J'ai patienté et réfléchi un long moment avant de visionner le fameux film de Polanski, The Fearless vampires killers, traduit en français par Le Bal des Vampires... Il s'agit pourtant d'un classique, d'un incontournable, presque d'une légende... Pourquoi avoir tant tardé ? Pour la simple (et bonne ?) raison qu'à l'âge de six ans, je suis tombée sur des photos du film dans une encyclopédie du cinéma, et que j'avais été terrorisée par l'allure du comte von Krolock... Les terreurs d'enfance étant ce qu'elles sont - et je conviens qu'ici, je les ai poussées quelque peu à l'extrême - j'ai toujours relégué ce film au plus bas de ma longue liste de films à voir. Suite à mes récents égarements littéraires et cinématographiques au coeur des insondables Carpathes, j'ai donc pris courageusement le taureau par les cornes, bien décidée à visionner ce classique du cinéma. Alors évidemment, on reléguera aussi au plus profond de sa mémoire tout ce que l'on sait sur Polanski, mais aussi les circonstances abominables de la mort de Sharon Tate, l'épouse du cinéaste, survenue en 1968, qui confère à cette oeuvre une aura quelque peu chargée...

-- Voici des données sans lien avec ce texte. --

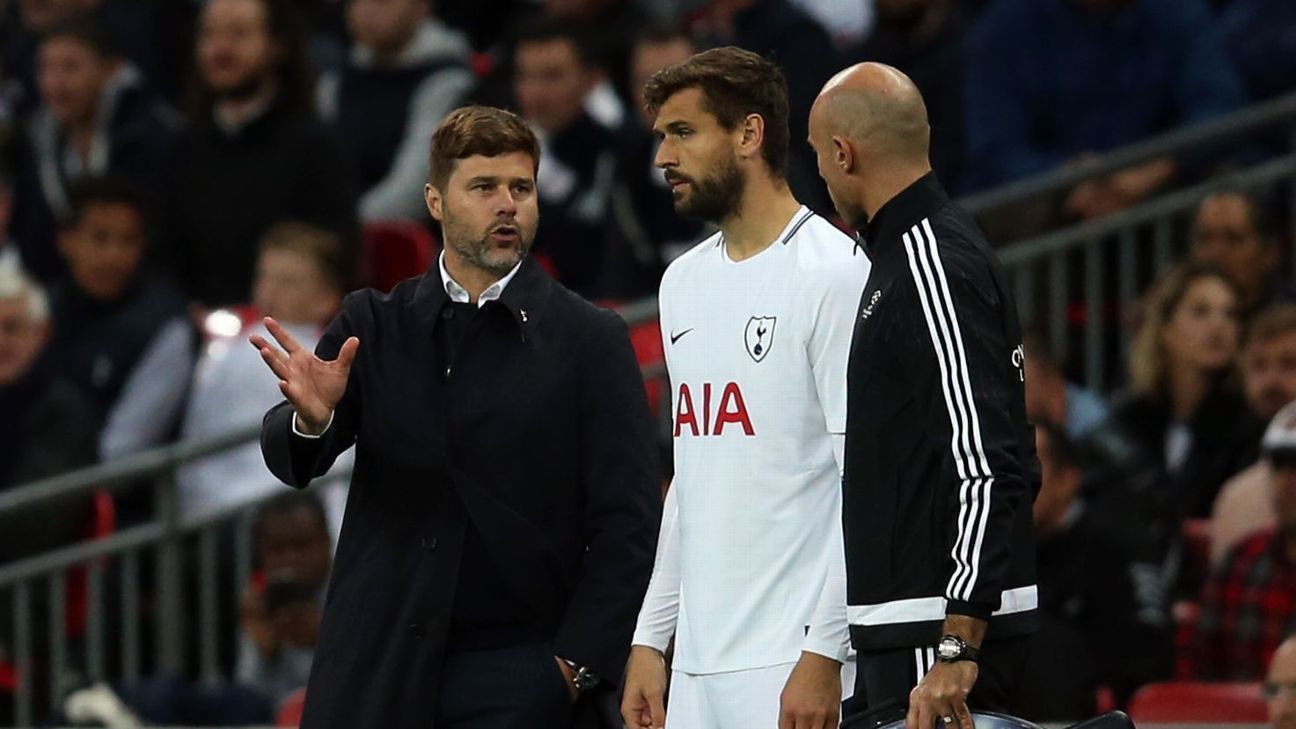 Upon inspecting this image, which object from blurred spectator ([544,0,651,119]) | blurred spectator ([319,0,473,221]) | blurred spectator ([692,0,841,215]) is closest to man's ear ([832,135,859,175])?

Roman Polanski (Alfred) et Jack MacGowran (Abronsius)

Bref. Pour en venir au film, mon sentiment à l'issue du visionnage, en ayant soigneusement mis tout élément subjectif de côté, est finalement assez mitigé. Alors certes, on ne peut vraiment pas nier qu'il s'agit là d'une excellente parodie du film de vampires, tel que pouvait en produire les studios de la Hammer à l'époque, et c'est tout à fait dans cet esprit que je l'ai considéré. J'ai été sincèrement amusée par le personnage du professeur Abronsius, sorte de Van Helsing à bon marché, savant illuminé, complètement dépassé par les événements, et par le personnage d'Herbert von Krolock, le fils du comte, jeune homme sensible et romantique (et vampire, précisons-le), qui se prend d'une grande affection pour Alfred, campé par un Polanski délicieusement timide et maladroit... Malgré tout, je suis restée sur ma faim - sans faire de mauvais jeux de mots - tout en ressentant malgré tout une irrépressible sensation de malaise et d'oppression, qui est le propre de beaucoup de films tournés par Polanski. Sont-ce ces grands espaces enneigés, ces larges instants de plans silencieux, ces personnages aux caractères troubles et demeurant extrêmement inquiétants pour une comédie ? Je ne saurais le dire, sans doute s'agit-il de tout cela à la fois... Il est certain que ce film est un délicieux ovni, une oeuvre qui ne saurait être oubliée si facilement, et qu'elle mérite à ce titre d'être classée parmi les incontournables du cinéma.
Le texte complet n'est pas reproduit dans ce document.